> **What to do**: Instruction for the entries below: return the part that opens with the line containing "Oasis Upholstered Fabric Sofa in Light Gray" and closes with the line containing "Waaier papier set", exactly, and no pictures.

> **Information supplied**:
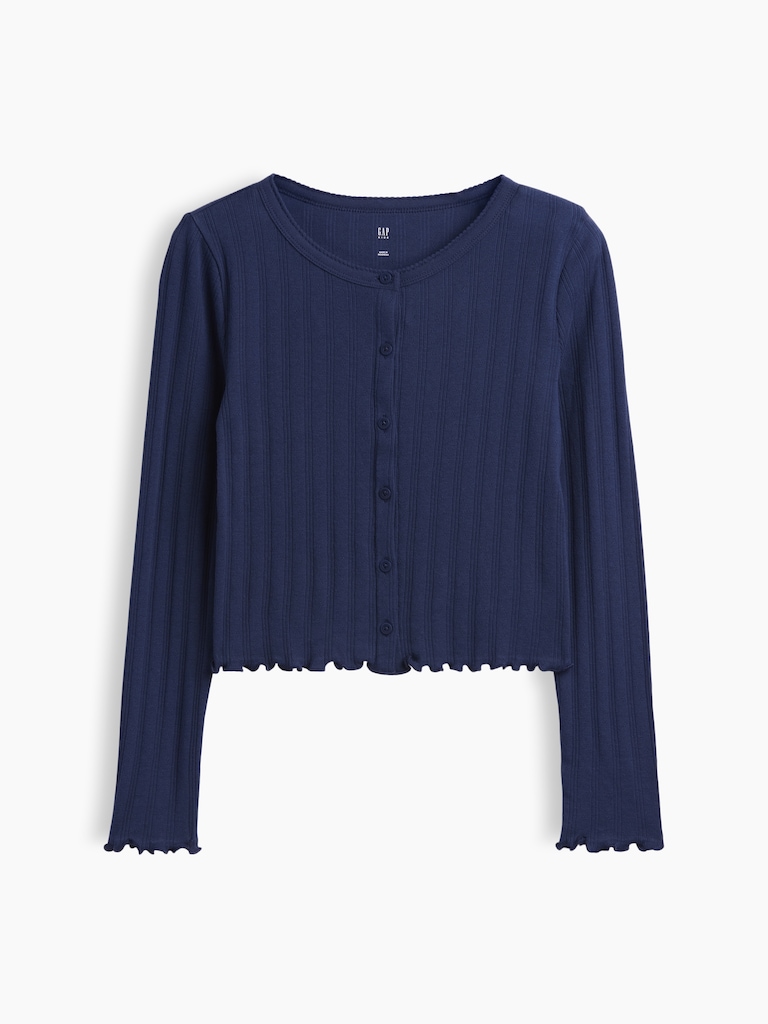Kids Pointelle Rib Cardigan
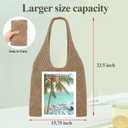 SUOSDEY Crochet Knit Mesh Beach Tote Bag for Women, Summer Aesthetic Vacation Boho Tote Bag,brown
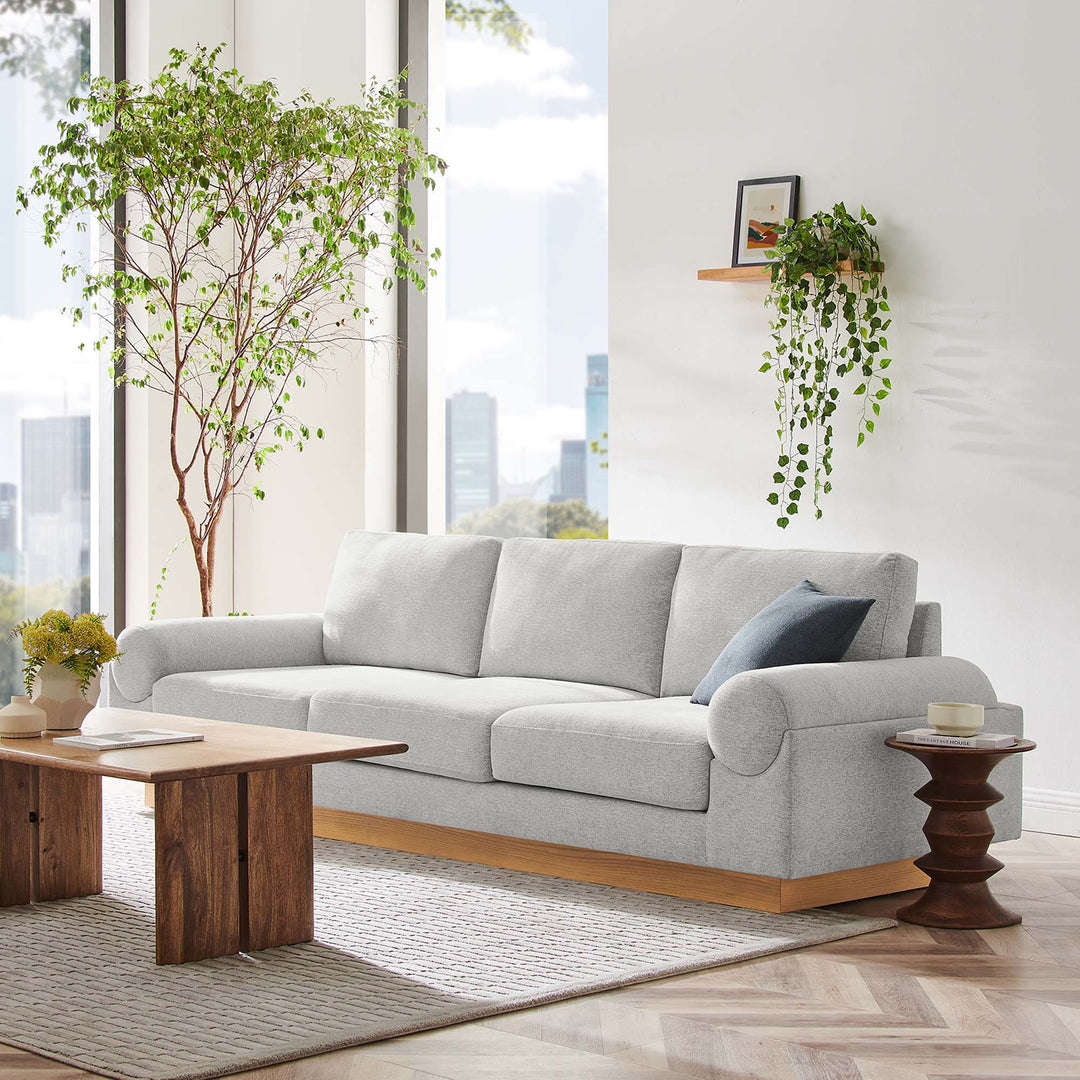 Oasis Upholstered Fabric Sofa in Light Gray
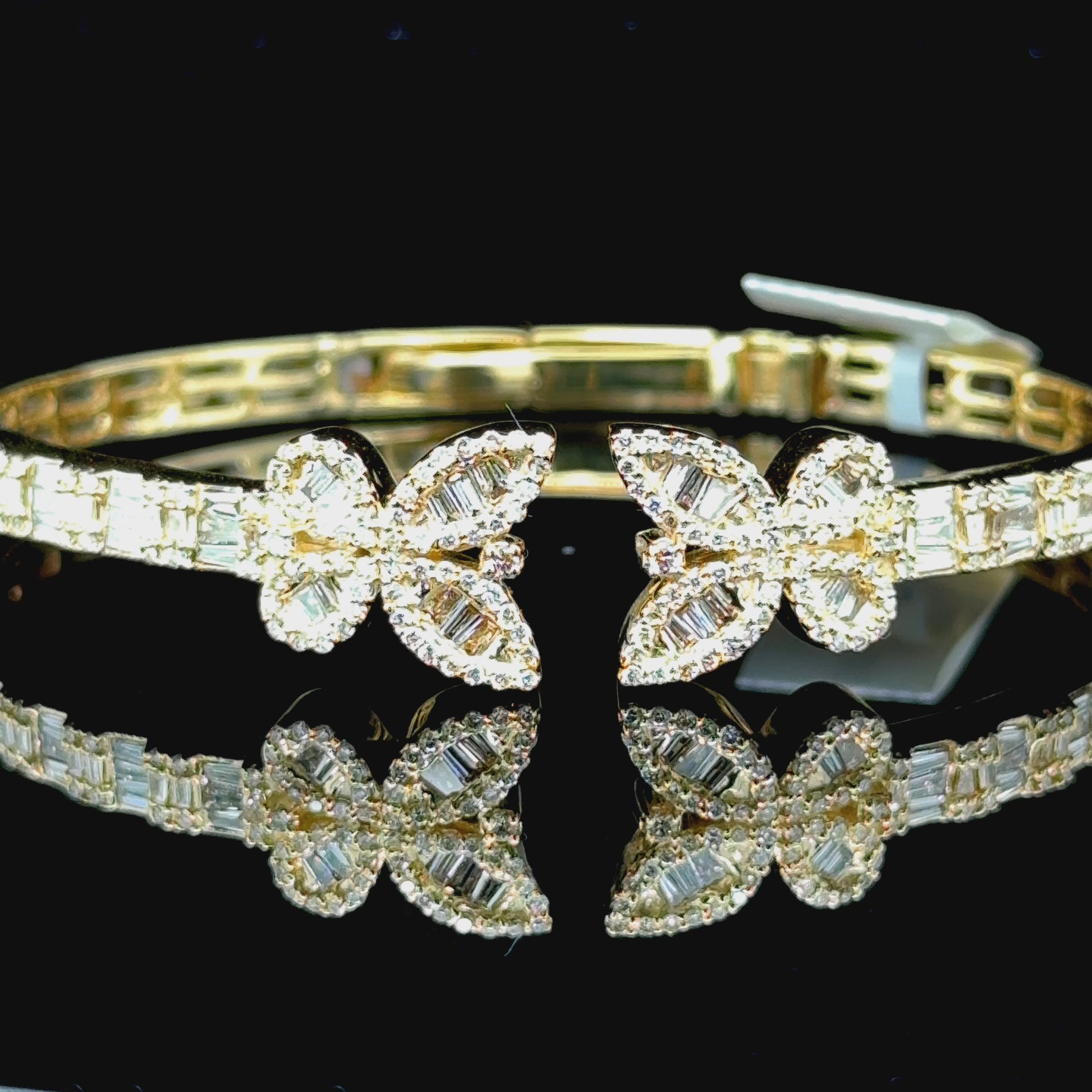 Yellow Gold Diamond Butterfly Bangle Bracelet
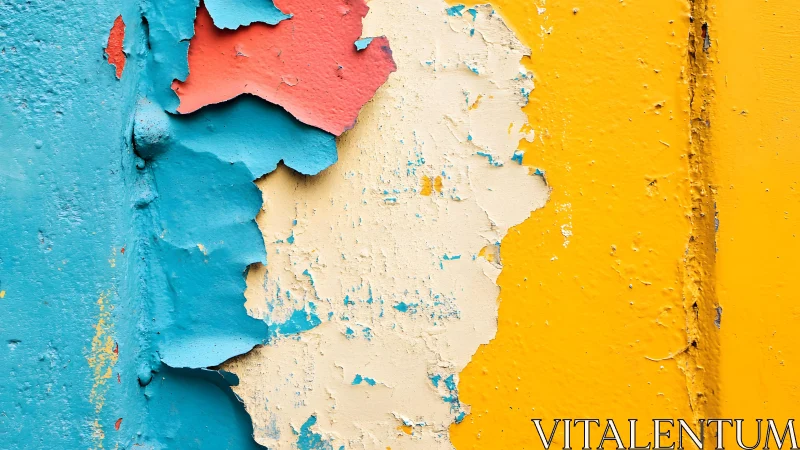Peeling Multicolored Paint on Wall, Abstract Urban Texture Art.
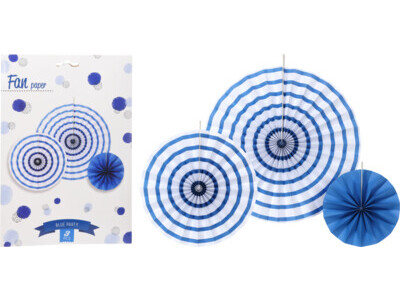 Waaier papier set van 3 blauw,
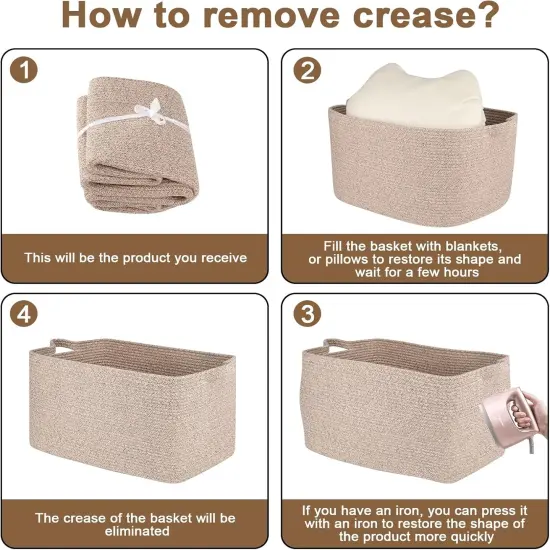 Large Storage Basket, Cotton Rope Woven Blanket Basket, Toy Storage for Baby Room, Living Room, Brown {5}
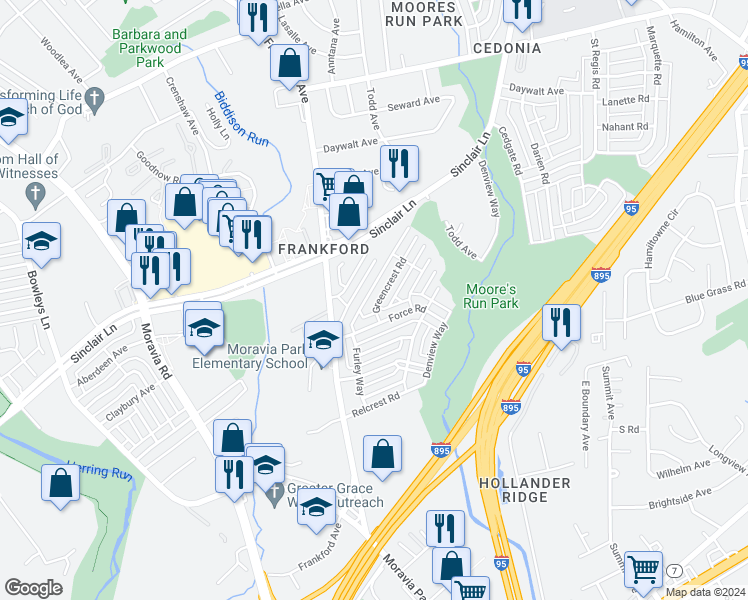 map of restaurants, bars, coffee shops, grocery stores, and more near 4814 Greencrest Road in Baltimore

> **Exercise solution**:
 Oasis Upholstered Fabric Sofa in Light Gray
 Yellow Gold Diamond Butterfly Bangle Bracelet
Peeling Multicolored Paint on Wall, Abstract Urban Texture Art.
 Waaier papier set van 3 blauw,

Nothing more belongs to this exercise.